In the Tank for Big Labor
Obama is making union dreams come true.
Jul 19, 2010, Vol. 15, No. 41 • By PEYTON R. MILLER
Labor union membership has declined dramatically in the past six decades, from over a third of the workforce in 1945 to just 7.2 percent of private sector employees in 2009; unions are now overwhelmingly concentrated in the public sector. But organized labor continues to wield tremendous political influence. Unions spent $400 million during the 2008 elections in support of Democratic candidates, and Barack Obama has been grateful.
While the president has failed to enact the Employee Free Choice Act (EFCA)—the mother of all pro-union legislation which includes the infamous “card check” proposal to effectively eliminate the secret ballot from union elections—he has made it possible for labor leaders to implement EFCA provisions by other means. Through the National Labor Relations Board (NLRB), for instance. The NLRB conducts union elections and remedies unfair labor practices in most industries; Obama has named two pro-union members to this body—both were radical enough to require recess appointments. Stewart Acuff of the Utility Workers Union of America vowed to the Huffington Post that even if EFCA does not pass, labor leaders will work with the president’s NLRB appointees “to change the rules governing forming a union through administrative action.” The board is now considering use of remote online voting rather than in-person ballots in representation elections, which like card check could expose workers to undue influence from organizers.

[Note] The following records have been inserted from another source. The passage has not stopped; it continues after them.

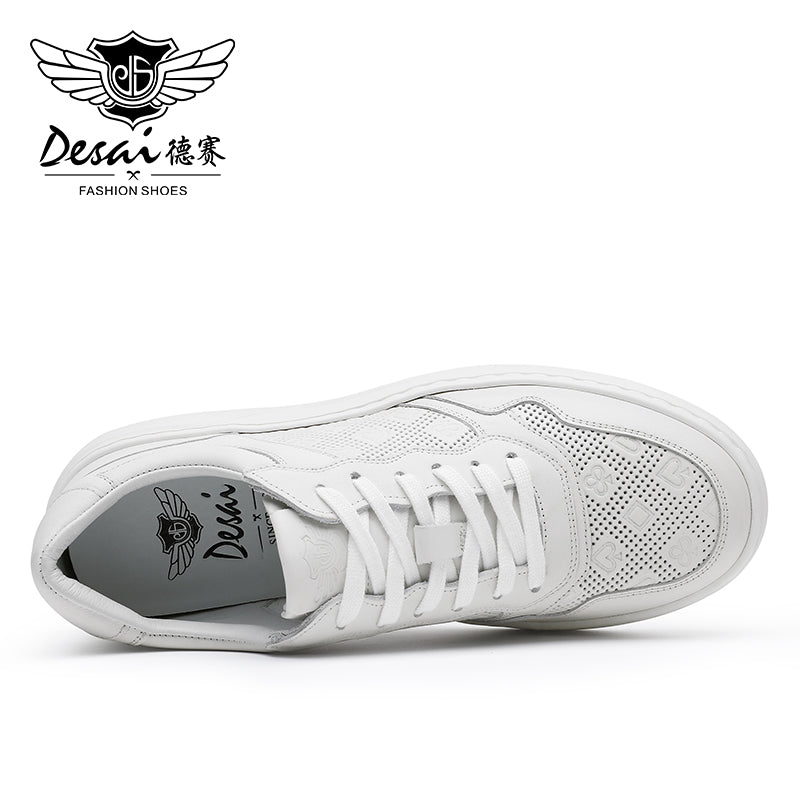 Desai Men's Casual Thick Soles Board Shoes Anti Slip Wear-Resistant Sports Running Shoes Men's Leather Breathable and Comfortable Sneakers DS02783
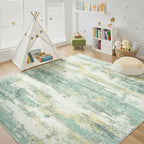 Rugflix 9x12 Area Rugs for Living Room, Washable Beige Grey Large Rug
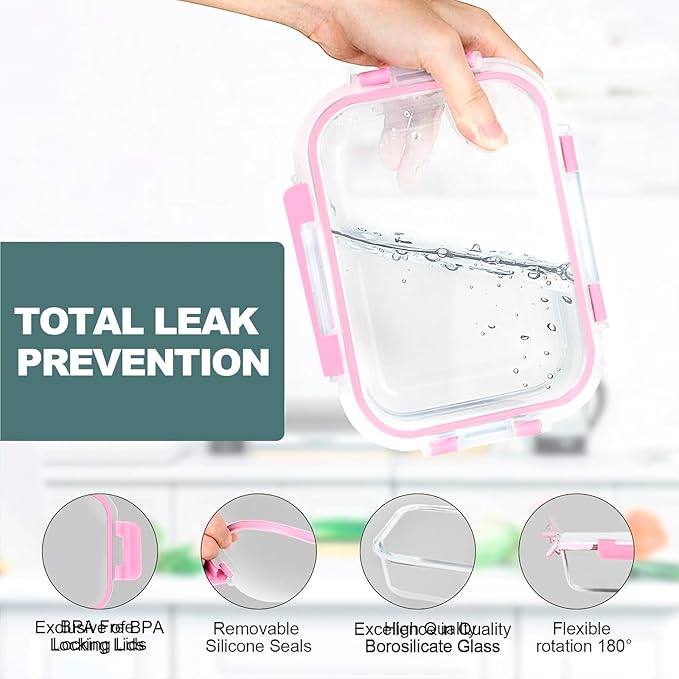 VERONES 10Pack Glass Meal Prep Containers, Airtight Glass Lunch Containers,Stackable Glass Food Storage Containers Set with Lids,Exclusive of BPA, for Microwave,Oven, Freezer&Dishwasher Friendly,Pink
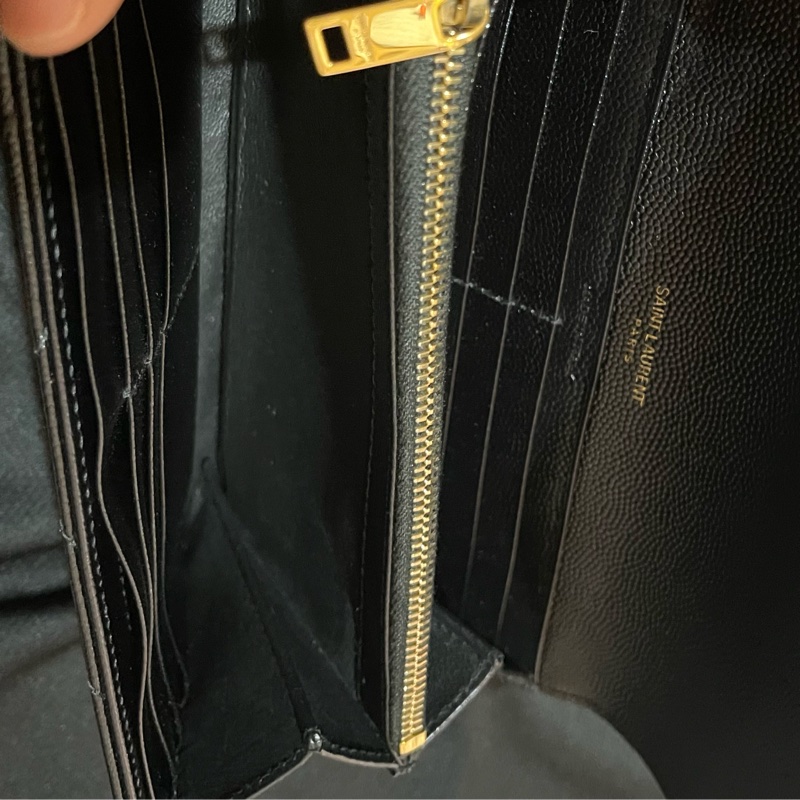 YSL聖羅蘭SAINT LAURENT 金釦荔枝皮長夾-40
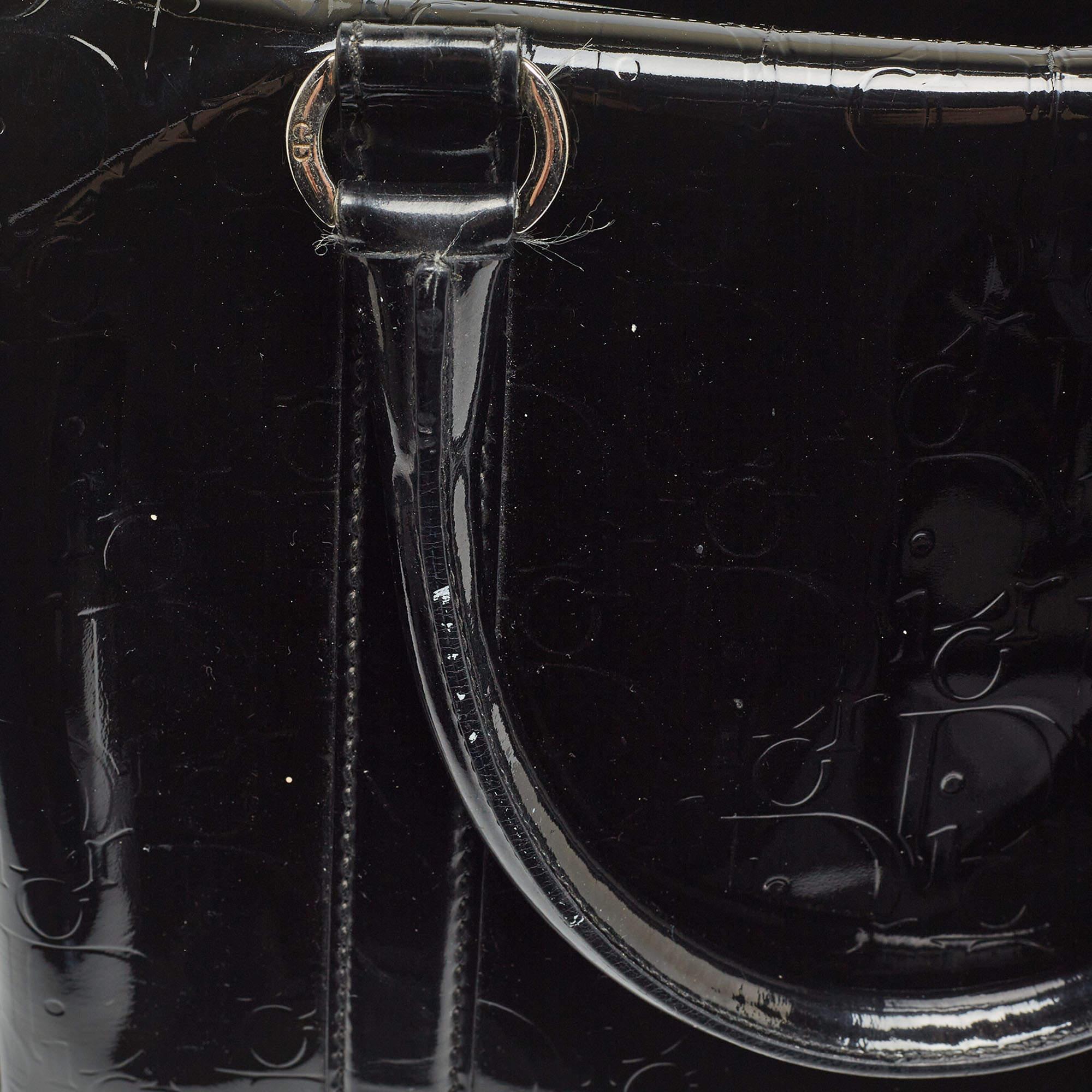 Dior Black Oblique Embossed Patent Leather Boston Bag 5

An Obama appointee to the National Mediation Board, which coordinates railroad and airline labor-management relations, precipitated a rule change in May to allow approval of union representation by a majority of those voting, rather than a majority of a company’s entire workforce as in the past. The U.S. Chamber of Commerce notes that the new rule violates the Railway Labor Act, which was designed to prevent a few disgruntled employees from triggering a strike that could cripple commerce throughout the country.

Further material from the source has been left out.